==== Data provided

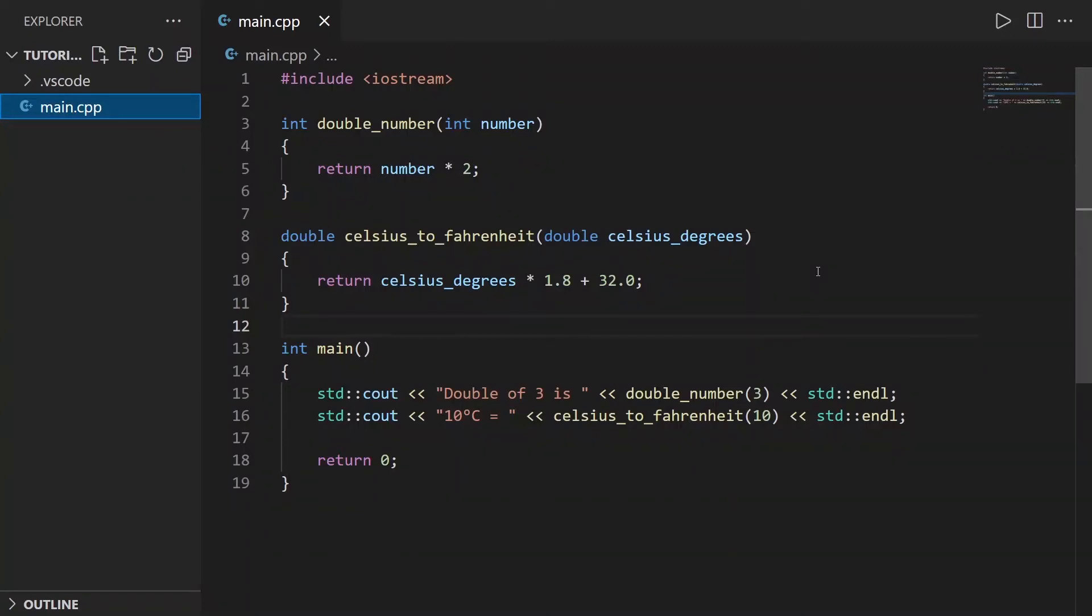When you develop a C++ application, you write functions like this. At some point, you will have a lot of functions in your code, and it will get quite messy.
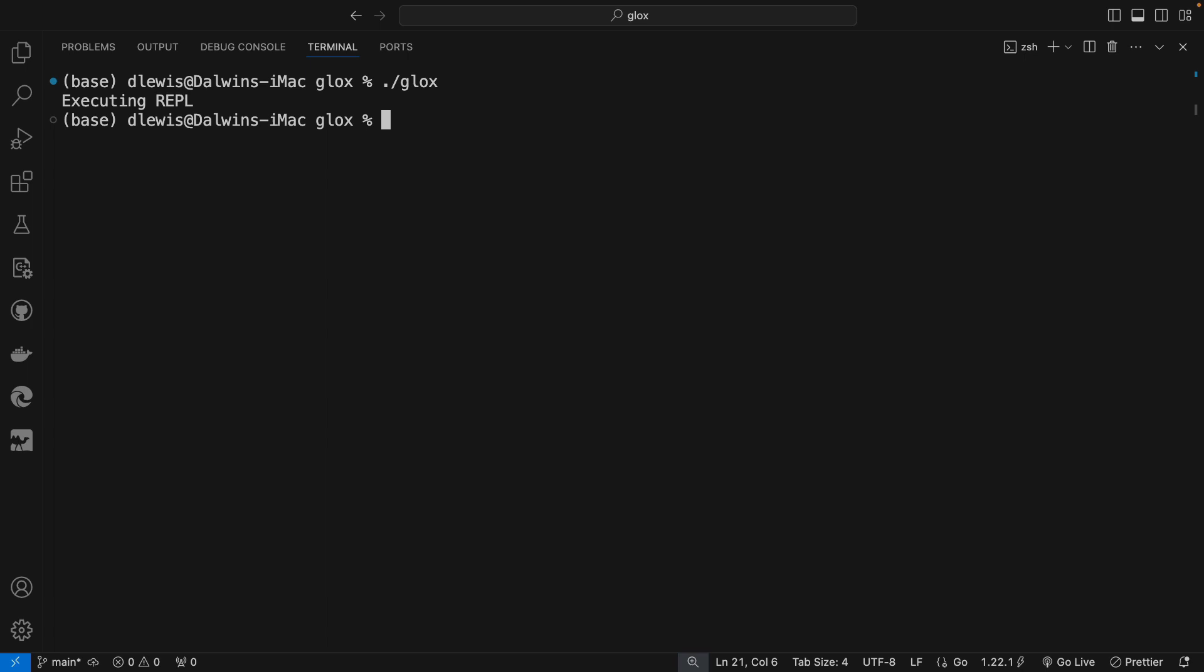...then it will simply say 'executing the REPL.' However, if I decide I want to use Glocks with a script, then I could say something like 'hello.glocks.'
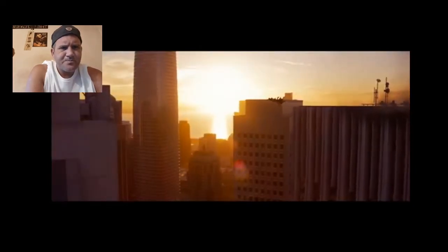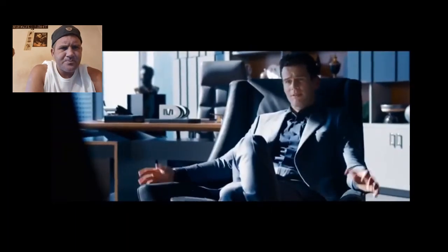After all these years, to be going back to where it all started, back to the Matrix.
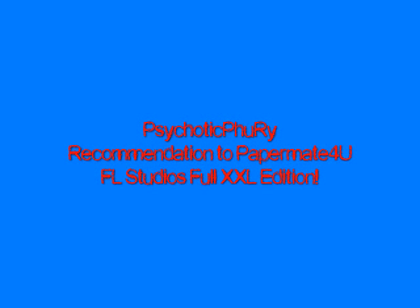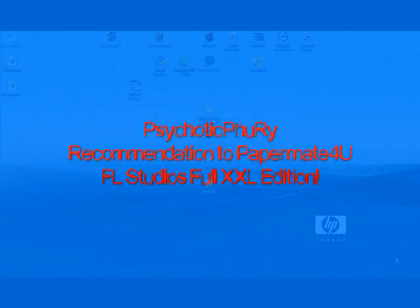Hey guys, I'm Psychotic Fury, and this is a recommendation to Paper Mate For You on FL Studios.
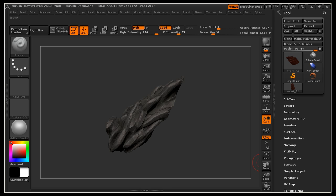This video assumes that you have a basic to intermediate level understanding of ZBrush, XNormals, 3D Studio Max, Photoshop and a little bit of Endo. So let's go ahead and get started.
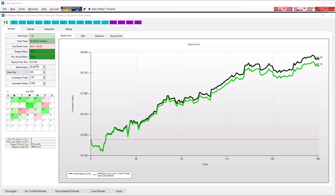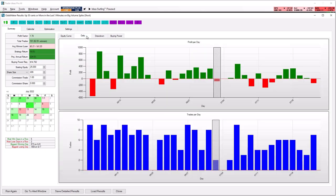You can define your starting equity, your position size, and even add your broker's commission. The backtest will show you the equity curve that your strategy produced and your daily profit and loss.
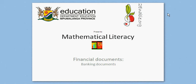TweenABLE.org presents Mathematical Literacy, Financial Documents, Banking Documents. In this lesson, we're just going to have a quick look at how a banking document looks like. We're just going to look at one example of a bank statement.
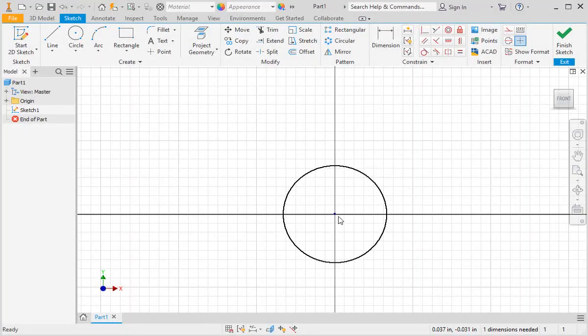In the last lesson, you learned that the first sketch of a part has a node on the origin, and you can use the node to permanently constrain the location of geometry. You also learned that there are two types of snaps: soft snaps and hard snaps. The green snap dot makes a hard snap that is permanent, and the yellow snap dot makes a soft snap that is unconstrained. Now we're going to look at some of the other methods of drawing geometry using soft and hard snaps as well as permanent constraints.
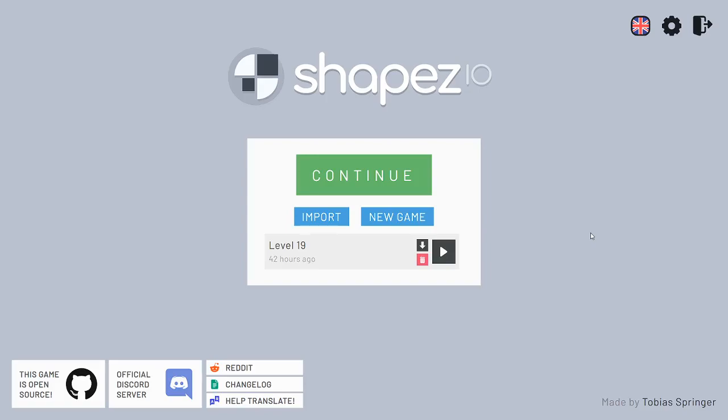Hey folks, PCOutCast here, and today we're taking a look at a minimalist Factorio-inspired game called Shapes.io.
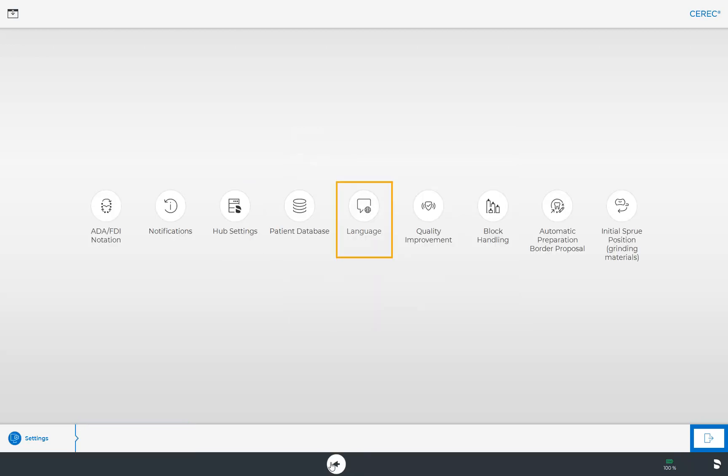By tapping the language option, you can define the language of your software. Next to it is the Quality Improvement button. Here you can turn your participation in our quality improvement program on or off. By turning on this option and providing feedback, you can contribute to the further development of the CEREC software.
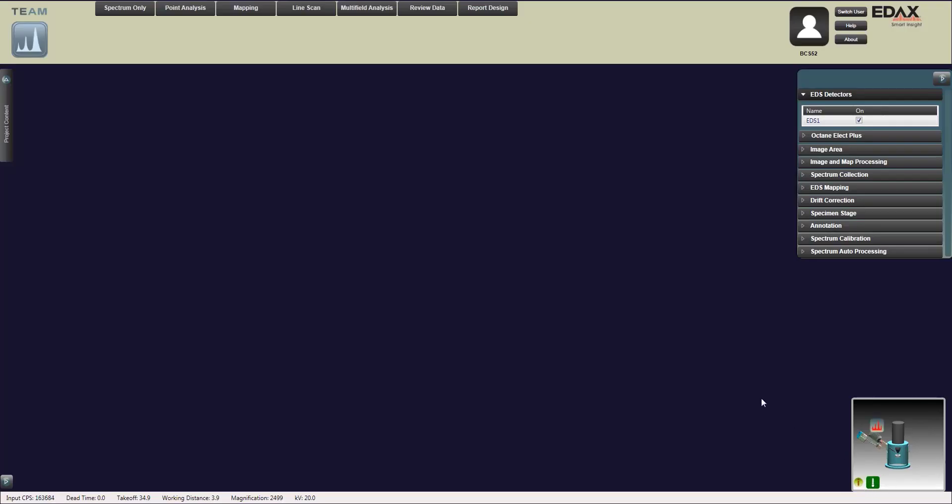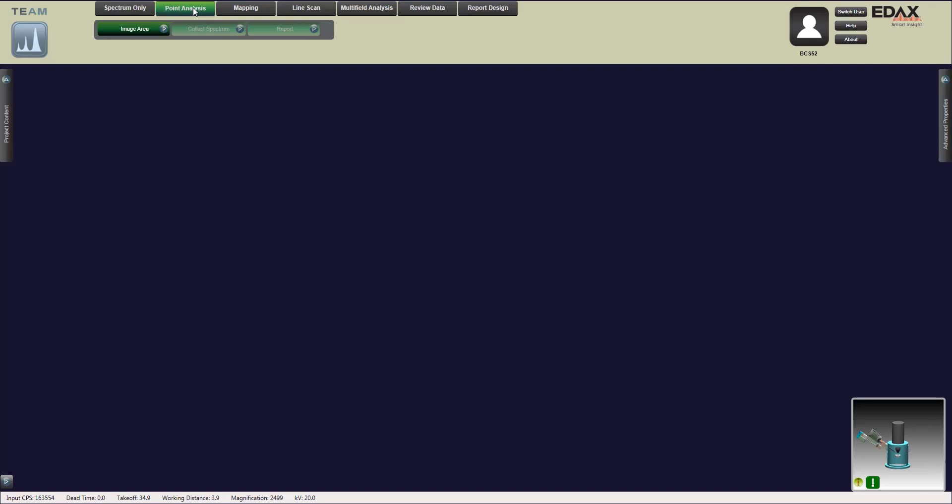Alright, this is the SOP for EDS instruction on the FEI SEM. We're coming straight from doing imaging on the SEM of our TIN sample. We're going to go over to point analysis and import the picture of where we're going to do our EDS analysis.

========

What the exercise asks: From the first line to the last, set down the records above exactly and skip the pictures.

Worked solution:
When you develop a C++ application, you write functions like this. At some point, you will have a lot of functions in your code, and it will get quite messy.
...then it will simply say 'executing the REPL.' However, if I decide I want to use Glocks with a script, then I could say something like 'hello.glocks.'
After all these years, to be going back to where it all started, back to the Matrix.
Hey guys, I'm Psychotic Fury, and this is a recommendation to Paper Mate For You on FL Studios.
This video assumes that you have a basic to intermediate level understanding of ZBrush, XNormals, 3D Studio Max, Photoshop and a little bit of Endo. So let's go ahead and get started.
You can define your starting equity, your position size, and even add your broker's commission. The backtest will show you the equity curve that your strategy produced and your daily profit and loss.
TweenABLE.org presents Mathematical Literacy, Financial Documents, Banking Documents. In this lesson, we're just going to have a quick look at how a banking document looks like. We're just going to look at one example of a bank statement.
In the last lesson, you learned that the first sketch of a part has a node on the origin, and you can use the node to permanently constrain the location of geometry. You also learned that there are two types of snaps: soft snaps and hard snaps. The green snap dot makes a hard snap that is permanent, and the yellow snap dot makes a soft snap that is unconstrained. Now we're going to look at some of the other methods of drawing geometry using soft and hard snaps as well as permanent constraints.
Hey folks, PCOutCast here, and today we're taking a look at a minimalist Factorio-inspired game called Shapes.io.
By tapping the language option, you can define the language of your software. Next to it is the Quality Improvement button. Here you can turn your participation in our quality improvement program on or off. By turning on this option and providing feedback, you can contribute to the further development of the CEREC software.
Alright, this is the SOP for EDS instruction on the FEI SEM. We're coming straight from doing imaging on the SEM of our TIN sample. We're going to go over to point analysis and import the picture of where we're going to do our EDS analysis.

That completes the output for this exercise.